Allusions to Sherlock Holmes and Doctor Watson abound, especially when the teens discover that their friend, known only as "Homeless Dave," may have been murdered...after he was dead.  And, as in the famous story by Sir Arthur Conan Doyle, the key to the crime may lie with a dog that didn't bark.

Nice world-building, excellent characters, and great action sequences (especially in the second half of the book).  The romance between Mycroft and Watts bubbles quietly at first and is certain to boil over soon--the steamy kisses on the page are definitely only the beginning of the physical side to their relationship.  Australian slang may boggle some readers.

An Australian "Hills Hoist" sounds more ominous than it actually is.

This is a great introduction to a fun new series.  I look forward to volume 2!




Monday, January 9, 2017

Dumplin'



Dumplin'  by Julie Murphy

Willowdean Dickson isn't what most people would call "beauty pageant material."  Certainly Willowdean herself never considered entering her hometown's biggest social event of the year, even though her own mother is a former Clover City Miss Teen Blue Bonnet and is now the chair of the event.

Because Willowdean is fat.  

She knows it.  It's obvious.  She's tried dieting in the past, but is now mostly comfortable with her body...but not always.  And when the hot-hot-hottie guy at work kisses her, the discomfort level goes way up.

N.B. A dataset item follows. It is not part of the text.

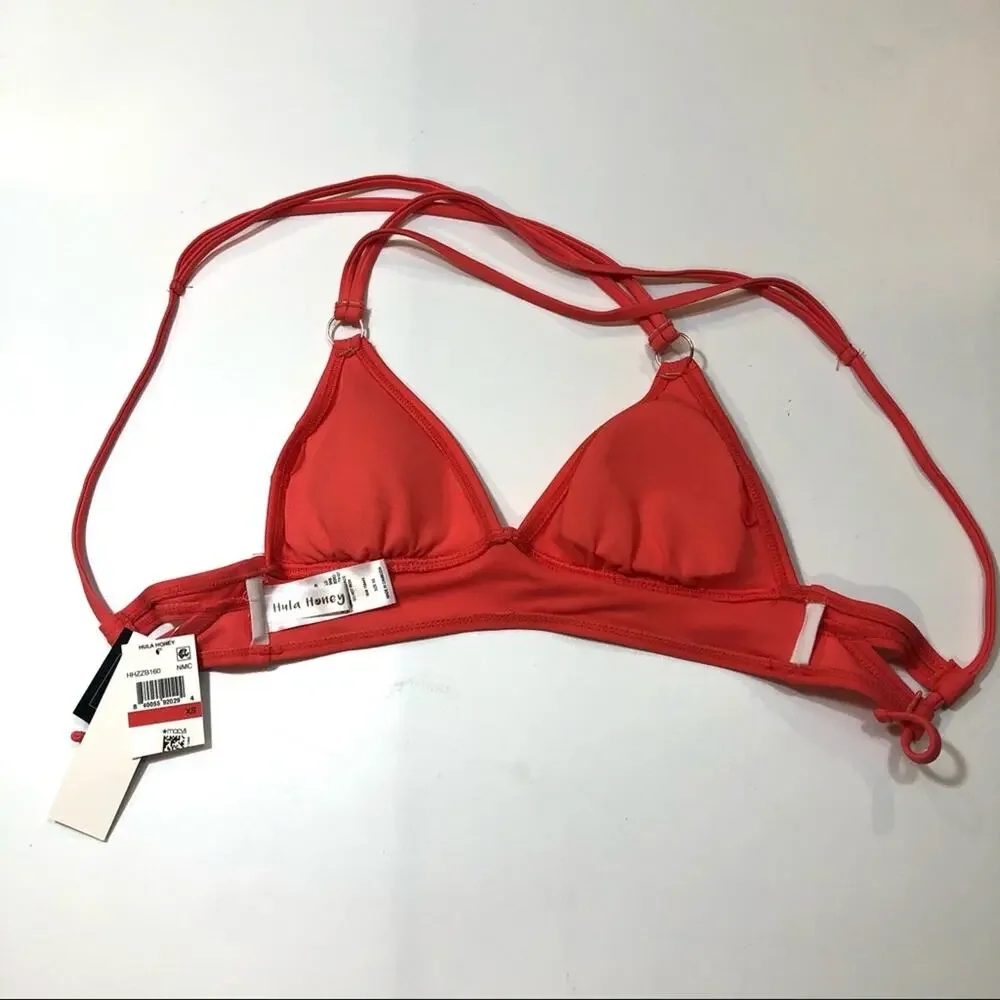Hula Honey NEW MARASCHINO Cross-Back Swim Top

It's a long road between "no-way, no-how" and "go big or go home" and yet Willowdean and her friends take the journey towards the coveted rhinestone crown.  And although they face some cringeworthy moments, the girls encounter some triumphant times along the way.  

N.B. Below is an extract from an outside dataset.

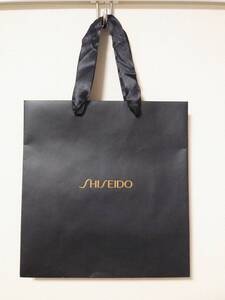 資生堂　SHISEIDO　シセイドウ　ショッパー　ショップバック　ショッピングバック　紙袋　黒　ブラック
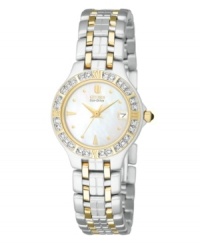 Sparkling diamond accents along the bezel are the ultimate in luxury: a fine watch from Citizen. Sparkling diamond accents along the bezel are the ultimate in luxury: a fine watch from Citizen.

This is a book about body image, Dolly Parton, and friendship.  There's a romance (and a bit of a romantic triangle), but the focus of the story is on Willowdean's relationship with her longtime best friend Ellen and her new friends Amanda, Millie and Hannah.  

And, just so you know:  the story doesn't end the way you think it will.

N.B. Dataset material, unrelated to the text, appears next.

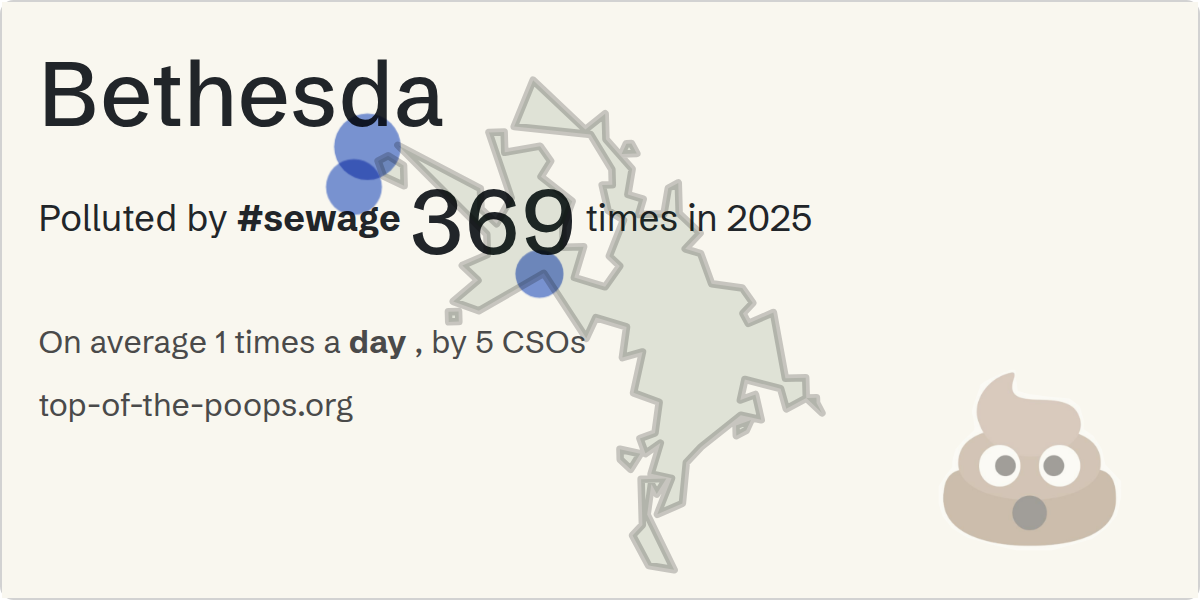 Sewage pollution map of Bethesda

Recommended for readers 14 to adult.  All sexual situations are off-stage but the kissing is front and center.

Tuesday, December 20, 2016

What Light

What Light by Jay Asher

At sixteen, Sierra is looking forward to spending Christmas in California again.  Her parents own a Christmas tree farm in Oregon, and every year before Thanksgiving, they follow the trees to LA to sell the trees on their lot.  She loves Oregon and her two best friends there, but also loves California and her best friend there.  Unfortunately, she knows this might be the last year: independent tree lots are becoming fewer, and the business might go bust.

Then she meets Caleb, a boy with a past filled with rumors and a very violent incident.

This feel-good Christmas story is just right for a Hallmark special.  Sierra’s own parents met at sixteen on this same tree lot.  Can’t Sierra have a happy-ever-after romance too?  Evidently she can.  And it IS Christmas.

Missing from the story is all the pith and conversation you experienced with Thirteen Reasons Why, for example.  There is little conflict.  When Sierra’s parents find out about Caleb’s past, they allow her to decide that he is not really a violent character.  The violent incident included a knife he pounded into his sister’s bedroom door.  The “trust” issue should skid to a halt with violence when it comes to parents dealing with sixteen-year-old dating.  Caleb never receives counseling, never is violent toward anyone again; in fact, he philosophically accepts all the abuse his friends and family heap on him.  But again, it’s Christmas.  The Light shines.

Sierra’s friends in Oregon want her home for a drama production where one of her best friends is suddenly the star.  “Just take a train,” they indicate.  While it doesn’t say where in California Sierra is, the northernmost city, Redding, (where there are lots of trees….) is over 19 hours to Portland.  Not very realistic, and causes a huge rift when Sierra decides not to go.

It is tough to recommend this book because of the possible dating violence when Caleb has never received any help, “Christmas season” and “redemption” aside.